Tornando alla cannabis light: quanto si produce mediamente da una pianta e da un ettaro?
Dalle esperienze finora fatte dipende innanzitutto dal numero di piante che si mettono a metro quadro. In genere si piantano una o due per metro quadro: se ne metto una saranno 10mila piante ad ettaro, con due saranno 20mila. Una densità giusta è quella di 2 piante a metro quadro circa, dalle quali, con le varietà attualmente disponibili e le giuste tecniche di coltivazione, è possibile ottenere circa 5/600 chilogrammi ad ettaro di prodotto secco.
E quanto si guadagna con le produzioni outdoor?

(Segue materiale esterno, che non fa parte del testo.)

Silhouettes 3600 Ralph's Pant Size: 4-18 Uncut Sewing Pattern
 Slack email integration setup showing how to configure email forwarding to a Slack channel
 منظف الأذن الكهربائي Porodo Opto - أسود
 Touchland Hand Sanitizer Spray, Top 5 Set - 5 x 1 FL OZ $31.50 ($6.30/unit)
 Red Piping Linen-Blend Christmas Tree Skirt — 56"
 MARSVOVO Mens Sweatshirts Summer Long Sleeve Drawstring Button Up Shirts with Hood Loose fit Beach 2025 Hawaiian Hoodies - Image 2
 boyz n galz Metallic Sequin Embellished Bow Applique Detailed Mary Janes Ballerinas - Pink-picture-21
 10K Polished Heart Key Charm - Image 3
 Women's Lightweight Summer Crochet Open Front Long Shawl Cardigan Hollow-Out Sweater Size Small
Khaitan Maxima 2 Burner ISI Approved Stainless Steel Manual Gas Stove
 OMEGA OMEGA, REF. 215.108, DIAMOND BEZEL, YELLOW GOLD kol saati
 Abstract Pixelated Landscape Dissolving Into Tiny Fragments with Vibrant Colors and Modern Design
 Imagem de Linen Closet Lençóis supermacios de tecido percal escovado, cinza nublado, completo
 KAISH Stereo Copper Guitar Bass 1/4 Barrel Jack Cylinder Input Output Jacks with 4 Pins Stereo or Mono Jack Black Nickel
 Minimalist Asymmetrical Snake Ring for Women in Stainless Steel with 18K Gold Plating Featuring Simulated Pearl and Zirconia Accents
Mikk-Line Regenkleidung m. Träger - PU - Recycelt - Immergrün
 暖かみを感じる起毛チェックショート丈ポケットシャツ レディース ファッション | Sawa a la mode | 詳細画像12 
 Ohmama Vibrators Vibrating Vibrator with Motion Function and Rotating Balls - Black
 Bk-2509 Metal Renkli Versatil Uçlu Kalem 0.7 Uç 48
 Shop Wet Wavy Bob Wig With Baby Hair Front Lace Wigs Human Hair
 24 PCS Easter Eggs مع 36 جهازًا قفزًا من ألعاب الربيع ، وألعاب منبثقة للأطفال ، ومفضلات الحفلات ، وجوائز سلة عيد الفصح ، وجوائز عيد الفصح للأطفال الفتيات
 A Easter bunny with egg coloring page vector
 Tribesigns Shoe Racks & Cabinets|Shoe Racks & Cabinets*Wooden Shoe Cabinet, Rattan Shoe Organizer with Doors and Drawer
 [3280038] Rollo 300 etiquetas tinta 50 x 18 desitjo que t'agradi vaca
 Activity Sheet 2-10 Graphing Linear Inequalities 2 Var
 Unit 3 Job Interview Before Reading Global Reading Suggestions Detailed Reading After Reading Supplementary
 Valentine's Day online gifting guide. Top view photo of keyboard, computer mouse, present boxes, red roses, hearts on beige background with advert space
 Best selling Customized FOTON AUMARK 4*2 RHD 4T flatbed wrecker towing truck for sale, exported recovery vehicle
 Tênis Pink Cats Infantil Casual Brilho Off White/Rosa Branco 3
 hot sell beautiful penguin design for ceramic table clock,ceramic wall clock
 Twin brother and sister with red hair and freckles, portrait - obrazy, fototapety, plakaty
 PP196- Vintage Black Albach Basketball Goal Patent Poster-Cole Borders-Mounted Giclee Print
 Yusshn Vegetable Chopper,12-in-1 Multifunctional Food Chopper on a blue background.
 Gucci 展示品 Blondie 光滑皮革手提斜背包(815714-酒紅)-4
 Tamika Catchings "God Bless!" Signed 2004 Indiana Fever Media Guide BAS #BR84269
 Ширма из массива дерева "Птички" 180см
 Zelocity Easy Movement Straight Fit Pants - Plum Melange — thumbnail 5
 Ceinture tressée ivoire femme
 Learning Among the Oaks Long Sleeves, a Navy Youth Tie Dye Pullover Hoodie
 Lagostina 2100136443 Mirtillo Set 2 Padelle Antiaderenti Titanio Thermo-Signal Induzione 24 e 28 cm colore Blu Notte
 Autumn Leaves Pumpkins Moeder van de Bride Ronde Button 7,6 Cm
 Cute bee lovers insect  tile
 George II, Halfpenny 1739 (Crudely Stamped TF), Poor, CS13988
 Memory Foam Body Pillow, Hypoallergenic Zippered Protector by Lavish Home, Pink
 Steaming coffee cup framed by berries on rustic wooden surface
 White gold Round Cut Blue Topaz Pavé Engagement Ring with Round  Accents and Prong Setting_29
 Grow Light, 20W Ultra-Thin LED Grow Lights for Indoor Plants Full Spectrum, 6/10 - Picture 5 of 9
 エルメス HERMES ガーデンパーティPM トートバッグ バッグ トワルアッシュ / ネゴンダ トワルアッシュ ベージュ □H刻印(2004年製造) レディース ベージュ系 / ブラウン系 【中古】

Dipende da diverse variabili, come ad esempio il canale commerciale. Innanzitutto non è semplice venderle, perché è difficile trovare chi le compra e in quantità rilevanti. Attualmente il mercato ha bisogno di prodotto, ma di una quantità ancora limitata. Se tutti si mettessero a produrre cannabis light andremmo in sovrapproduzione. L’anno scorso i prezzi variavano dai 60 euro al chilo, per il prodotto più scarso con i semi, per arrivare anche ai 3/400 euro al chilo, magari di piccoli appezzamenti e le produzioni migliori anche a 500 euro. I prezzi variavano in base alla bellezza ed alla compattezza del fiore, alla presenza o meno di semi e al contenuto di CBD. Un buon fiore senza semi e con un buon contenuto di CBD ha spuntato prezzi molto buoni. E’ un mercato altamente volatile ed è difficile capire come andrà. Quest’anno bisognerà vedere quanta ne verrà prodotta ed il livello qualitativo. Arriveranno moltissimi produttori e bisognerà capire non solo chi comprerà questo prodotto, ma se ci sarà richiesta sufficiente, con il rischio che i prezzi calino. Se no, così come succede per il seme, ci saranno le aziende agricole che, invece che vendere la propria produzione, inizieranno a creare i propri brand per avere un ricavo maggiore.